Il volto di Damien si illuminò, come abbagliato di piacere, a meno che il sembrare abbagliato non fosse la sua espressione normale. «È stato incredibile, sono così felice di averlo fatto.»

«Ti invidio molto» fece Cassie. «Sai se per caso lasciano lavorare anche dei volontari, che so, per una settimana?»

«Maddox» dissi, imbronciato, «non è che possiamo discuterne dopo, dei tuoi cambiamenti di carriera?»

«Scuuusa» fece lei, roteando gli occhi verso Damien. Lui le rimandò un ghigno, e il legame si era creato. Cominciavo a provare una vaga, ingiustificata antipatia per il ragazzo.
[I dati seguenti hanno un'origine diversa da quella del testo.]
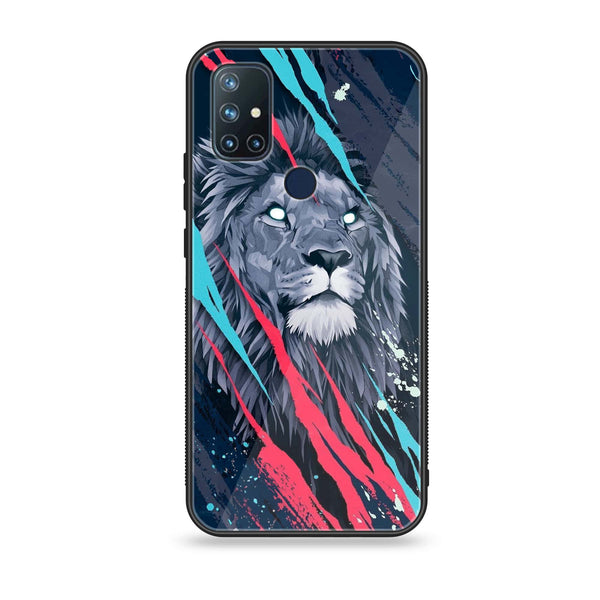 OnePlus Nord N10 - Abstract Animated Lion - Premium Printed Glass soft Bumper Shock Proof Case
Ora capivo perfettamente perché Hunt avesse assegnato a lui il compito di guidare le visite del sito: sarebbe stato il sogno di qualsiasi PR; con quegli occhioni azzurri, timido timido, avrebbe fatto furore tra mammine e ragazzine. Solo che a me gli adorabili indifesi non sono mai piaciuti. Penso che sia la stessa reazione di Cassie davanti a quelle ragazze cresciute con la voce da bambina che si spaventano per un nonnulla e che gli uomini vogliono sempre proteggere: un mix di disgusto, cinismo e invidia. «Okay» riprese Cassie, «quindi poi sei andato alla pietra e…?»

«Dovevamo ripulirla dell'erba e del terriccio tutt'attorno» spiegò Damien. «Il resto di quella zona è stato spianato la settimana scorsa, ma gli abbiamo fatto lasciare un'area intatta attorno alla pietra perché non volevamo correre il rischio che il bulldozer la danneggiasse. Così, dopo la pausa di mezza mattina, Mark ha detto a me e a Mel di andare lassù a fare il lavoro di fino con il piccone mentre gli altri si occupavano del canale di scolo.»

«Che ora era?»

«La pausa di mezza mattina finisce alle undici e un quarto.»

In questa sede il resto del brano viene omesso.